TITLE DENITRIFICATION
SOLUTION 1
    temp      25
    pH        8.24
    pe        12.471
    redox     pe
    units     mg/l
    density   1
    Al        0.065
    Ba        0.737
    C(4)      1 CO2(g)     -3.39
    Ca        32.4
    Cl        6.774
    F         1.029
    Fe        0.335
    K         1.349
    Li        0.003
    Mg        1.52
    Mn        0.003
    N(3)      0.824
    N(5)      29.286 charge
    Na        4.235
    S(6)      6.249
    Si        3.337
    Sr        0.085
    Ti        0.007
    Zn        0.165
    -water    1 # kg
EQUILIBRIUM_PHASES 1
#    O2(g)      -0.678 10
    CO2(g)    -3.39 10
REACTION 1
CH2O           1.0
3.75 mmol
END

I get the satisfying result that all nitrate has been transformed into dissolved nitrogen.

But I have added carbon and complicated my model with respect to carbon.

I could go this route and get my head around balancing the system for carbon and then present how much carbonate was generated in the system by denitrification.

But I would appreciate a simpler model. Such as the following, which gives me conceptual problems:

TITLE DENITRIFICATION
SOLUTION 1
    temp      25
    pH        8.24
    pe        12.471
    redox     pe
    units     mg/l
    density   1
    Al        0.065
    Ba        0.737
    C(4)      1 CO2(g)     -3.39
    Ca        32.4
    Cl        6.774
    F         1.029
    Fe        0.335
    K         1.349
    Li        0.003
    Mg        1.52
    Mn        0.003
    N(3)      0.824
    N(5)      29.286 charge
    Na        4.235
    S(6)      6.249
    Si        3.337
    Sr        0.085
    Ti        0.007
    Zn        0.165
    -water    1 # kg
EQUILIBRIUM_PHASES 1
#    O2(g)      -0.678 10
    CO2(g)    -3.39 10
REACTION 1
    H+1        -1
    NO3-1      -1
    4.072E-04 moles in 1 steps
END

At first glance I get similar pH levels between the simulation involving addition of organic matter as CH2O and subtraction of nitric acid from the system. There are differences between carbonate concentrations.

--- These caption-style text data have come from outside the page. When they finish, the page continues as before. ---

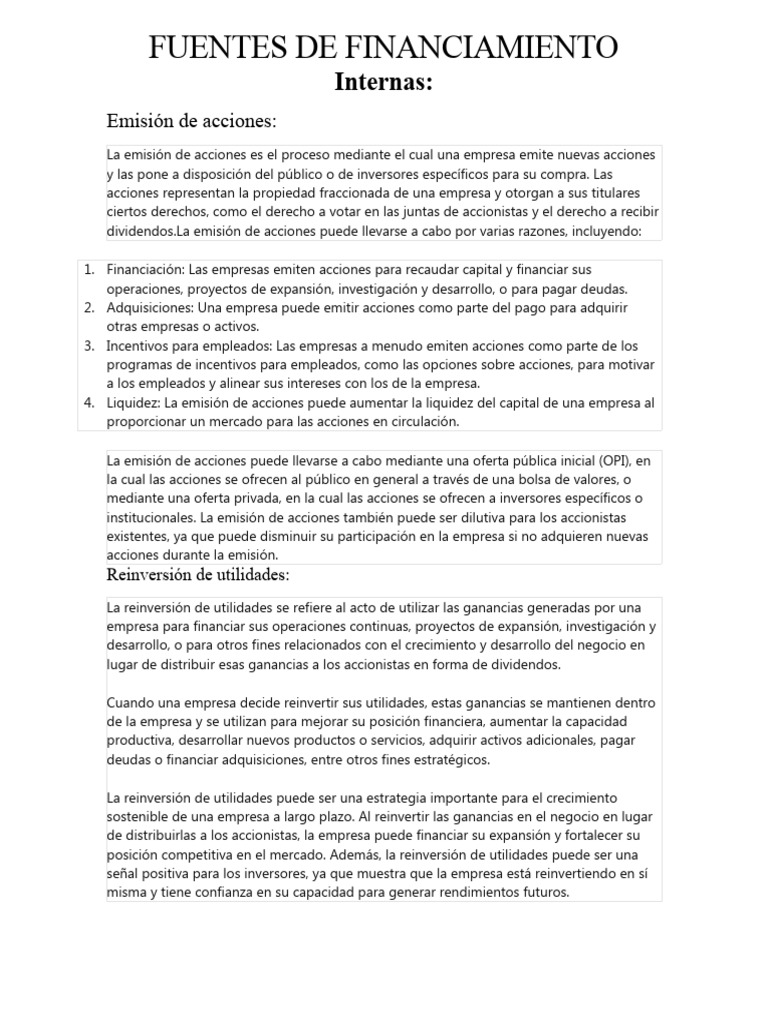 Fuentes de Financiamiento Empresarial | PDF | Compartir (Finanzas ...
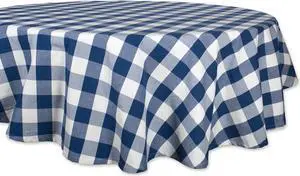 DII Navy Buffalo Check Tablecloth 70 Round
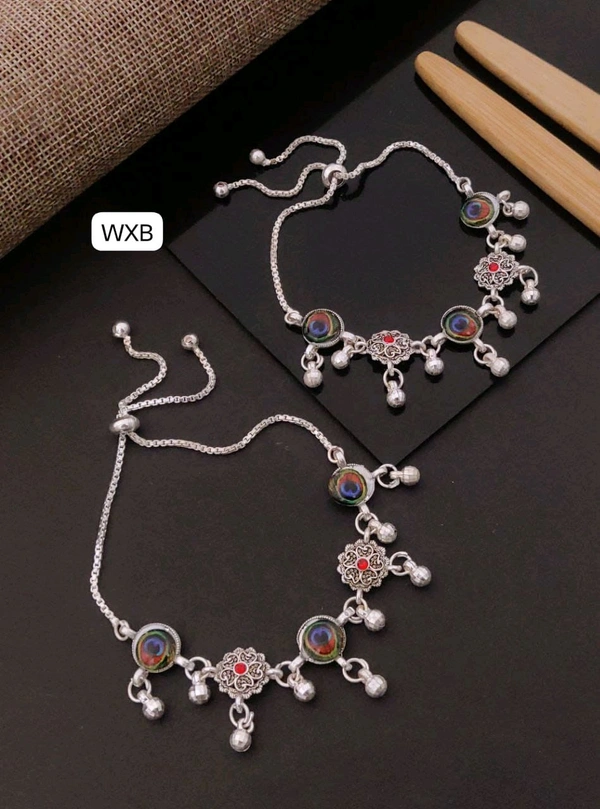 Kanaf ๐ KANAF Silver Fancy Oxidized Brooch Payal | Multicolor Stone Traditional Free Size Folding Anklet for Women & Girls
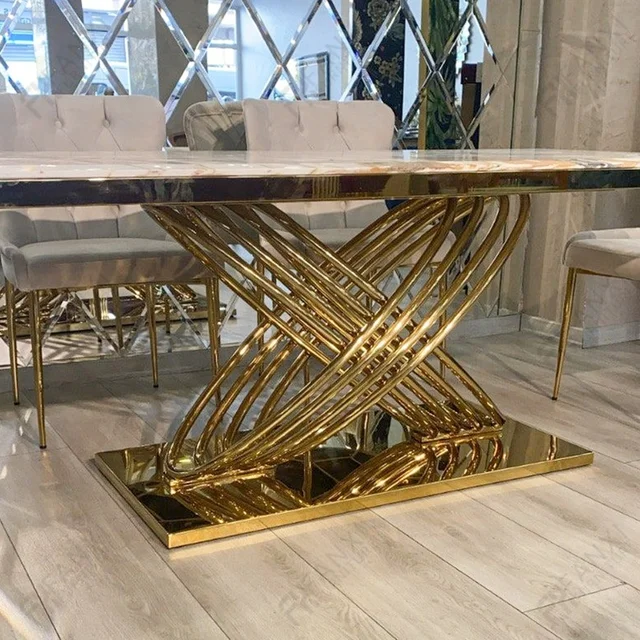 Gold stainless steel dining table marble top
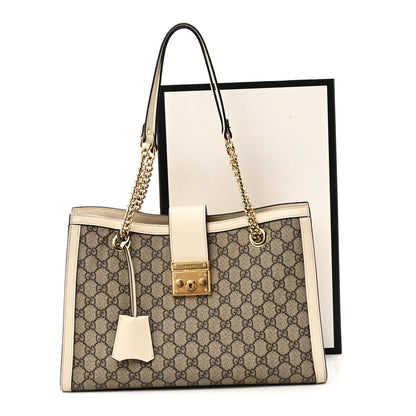 GG Supreme Monogram Medium Padlock Tote White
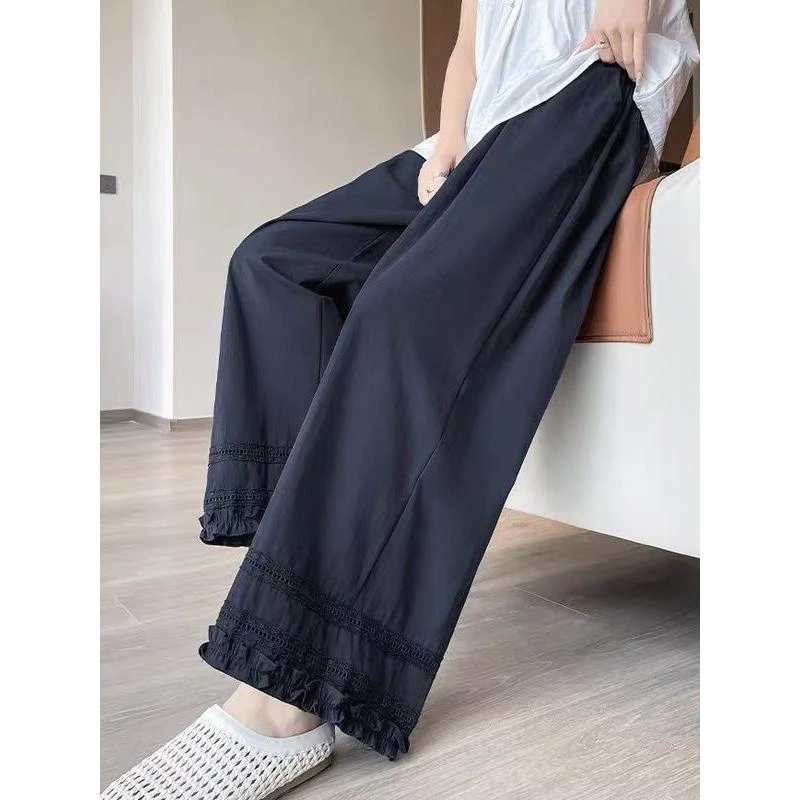 冰丝木耳边蕾丝勾花阔腿裤女2025薄款九分直筒遮胯显瘦韩系休闲裤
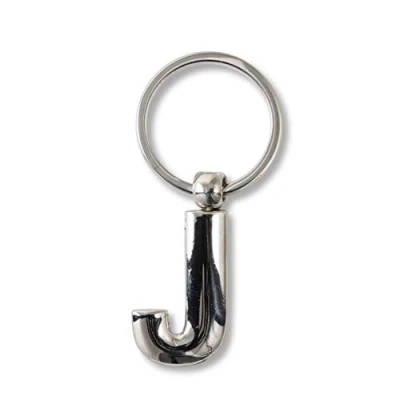 Image of IF Metal Letter Keyring Personalised Alphabet Letters Silver J Keyring, 7 cm;,Silver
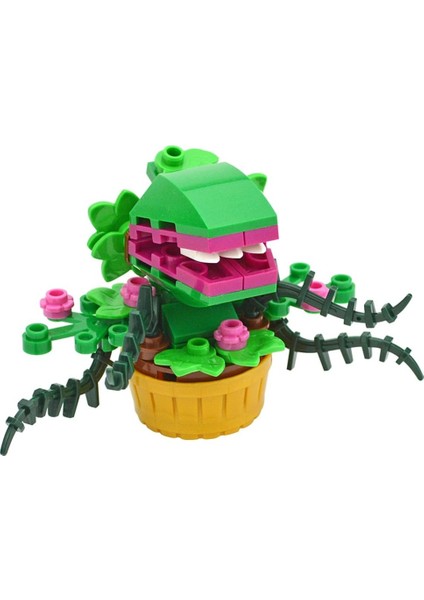 Moc Mini Saksı Yeşil Adam Yiyen Bitkiler Chomper Çiçek Bitki Yapı Taşları Set Küçük Korku Dükkanı Tuğla Çocuk Noel Oyuncakları Hediye (Yurt Dışından)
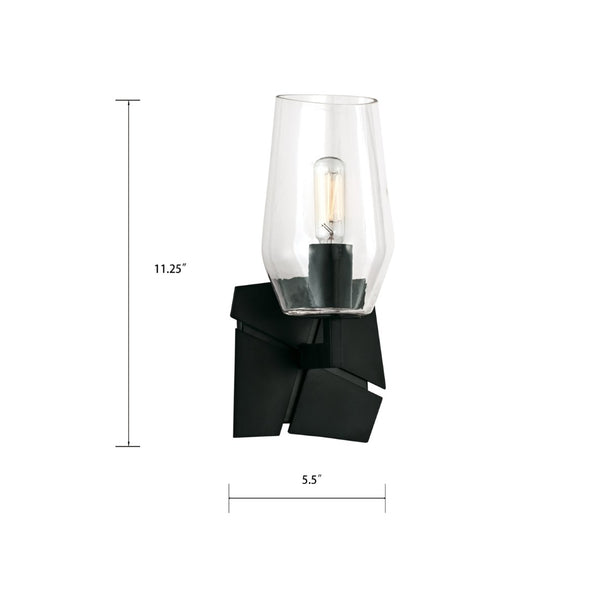 Atlas Gaia 1-Light Sconce - Contemporary Modern Design with Textured Backplate for Soft Ambient Light Acid Dipped Black WL11081-BK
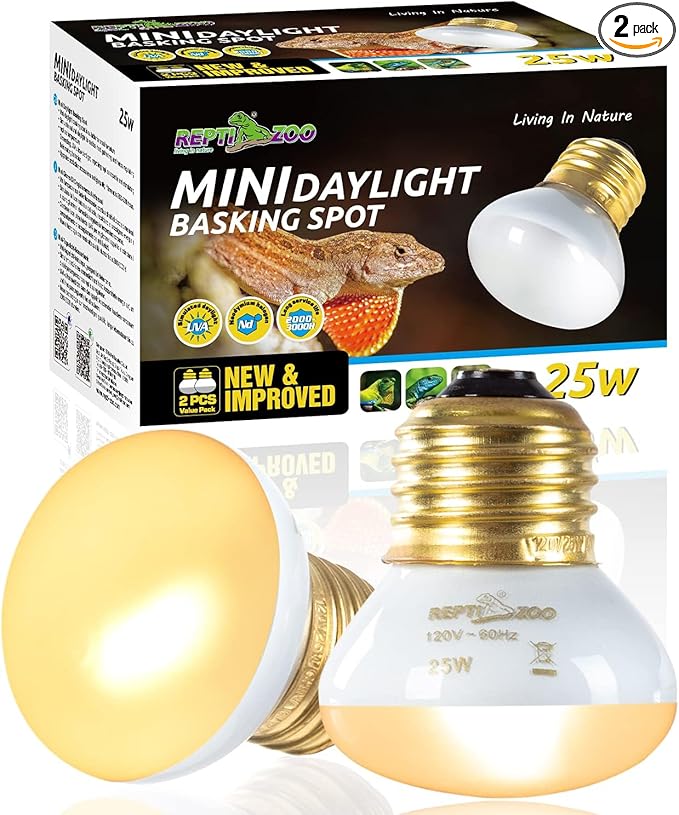 REPTI ZOO 25W Upgraded Nano Reptile Daylight Basking Spot Heat Lamp Bulb 2 Pack, UVA Full Spectrum Sun Light Daytime Heating Lamp for Reptile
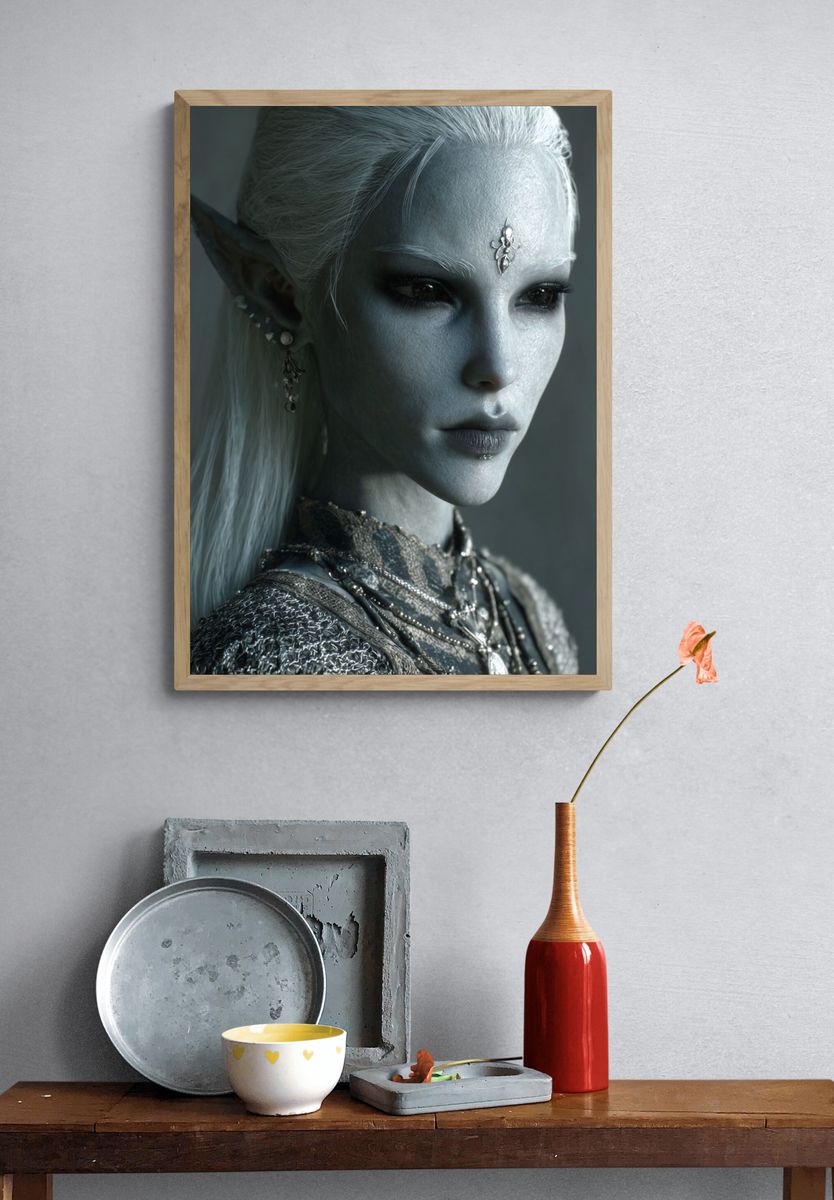 Elven Portrait Fantasy Print. — room view 3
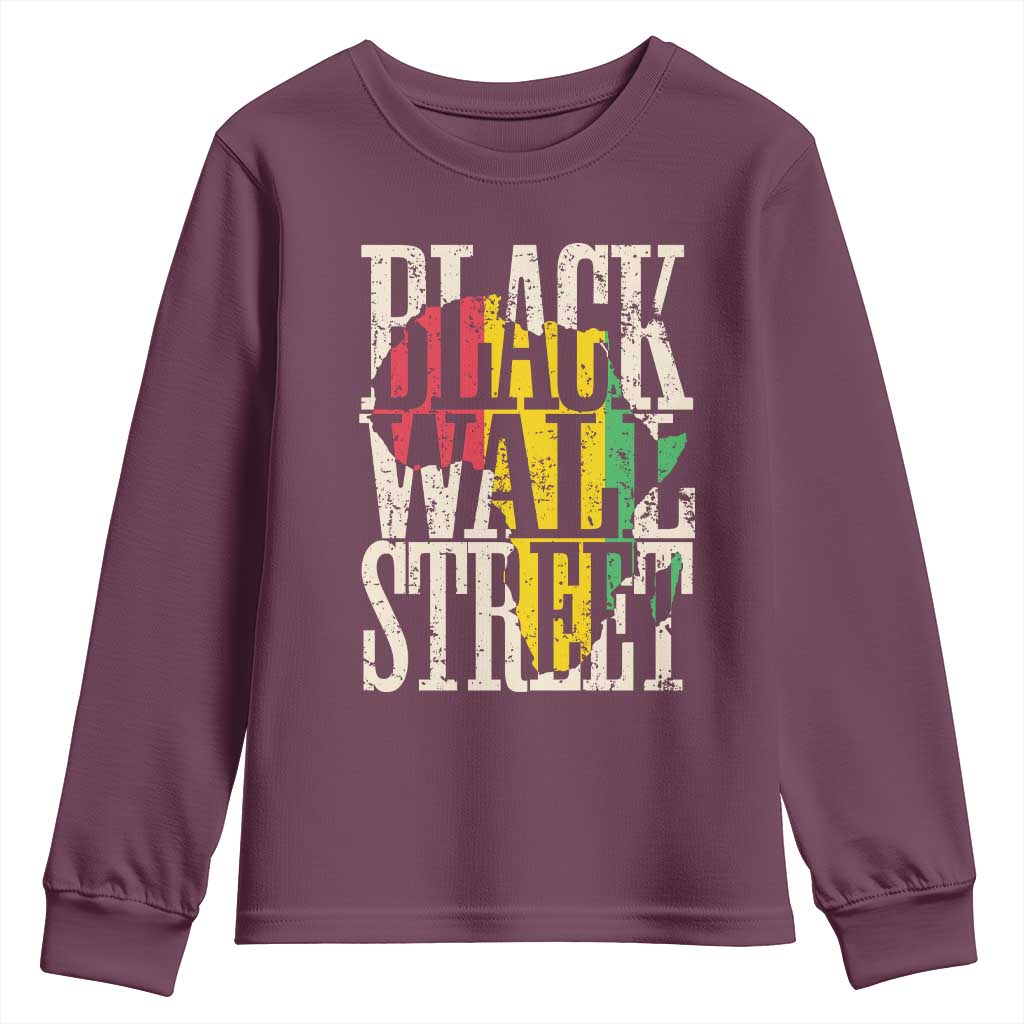 Black Wall Street Youth Sweatshirt Tulsa Oklahoma Black History Month Africa Map TS11 Maroon Print Your Wear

Before I go into detail on comparing the systems, I ask:

Is the method of "subtracting" nitric acid too brutal for a simulation of denitrification?
Should I stick with the addition of organic material as a reducing agent?

All the best,
Peter

Without detailed and careful accounting to check if the

[dlparkhurst]

I would use the following approach, which adds CH2O to reduce nitrate.

Code: [Select]

SOLUTION 1
pH 7
Na 1
N(5) 1
END
USE solution 1
REACTION
CH2O 1
0.001 moles
END

The Amm.dat database keeps Amm as a separate element and has removed N(-3) and NH3 species. Using it, nitrification would be done by REACTION or KINETICS. If O2(aq) is present, you can simply use the following:

REACTION
Amm -1
NH3   +1
0.0001 moles
END

Alternatively, if N(-3) is present and O2(aq) is absent, you can use phreeqc.dat to oxidize ammonium. You need to redefine the N2(aq) species with a log K many orders of magnitude smaller. Thus when you add O2 by REACTION, EQUILIBRIUM_PHASES, or KINETICS, N(-3) will oxidize to N(5) and skip N(0).  Denitirification would have to be done by REACTION or KINETICS including N, Ntg, and C.